Blade Grinders versus Burr Grinders
Moving ever forward on the path to your perfect cup, the next step is learning how to grind coffee and decide which grinder to use on the whole coffee beans. The common debate you’ll find on this issue is blade grinders versus burr grinders. Blade grinders are exactly what they sound like: machines that “grind” through the use of a fast-moving blade. You may already have one of these bad boys in your kitchen and commonly refer to it as the spice grinder.
A burr grinder, on the other hand, crushes the beans between two surfaces, often a moving wheel and a non-moving surface. There are two types of burr grinders (wheel and conical), but for now we’re going to discuss these in a general sense. We are, after all, just starting out.
What you want to know from the get-go is this: blade grinders are cheaper; burr grinders are more expensive.
In some cases, burr grinders are much more expensive. Blade grinders will run you anywhere from $10-$40 at the upper-most limit. Burr grinders will run you anywhere from $30-$300, maybe more. The lower level of burr grinders will often be either manual grinders, or entry-level machines with less-than-perfect track records.
While blade grinders are by far the more economical choice, they do come along with a fair share of negatives, which is why many coffee lovers will eventually buy into a high-rated Burr grinder.

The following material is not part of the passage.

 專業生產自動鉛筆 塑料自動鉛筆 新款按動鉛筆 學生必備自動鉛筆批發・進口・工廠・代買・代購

Blade grinders have two major downsides: lack of grind consistency and excessive heat production.
Most blade grinders will not have a “grind consistency” option, which means if you’re looking for a coarse grind, medium grind, fine grind, or somewhere in between, it’s all down to your eye and luck. Beyond the choice of consistency, there’s the larger problem of uniformity of grind. Though you may be shooting for a coarse grind, there will be a fair amount of fine coffee powder that comes along with it.
I can still remember the first time I researched the differences between grinders. As I read about grind consistency and heat production, all I kept thinking was, “Bull! This is all a bunch of nit-picky bellyaching, and I’ll never be able to tell the difference anyway!”
I wasn’t sold. I didn’t consider myself a coffee connoisseur, and I doubted I could taste the difference between coffee grounds from a burr grinder versus a blade grinder.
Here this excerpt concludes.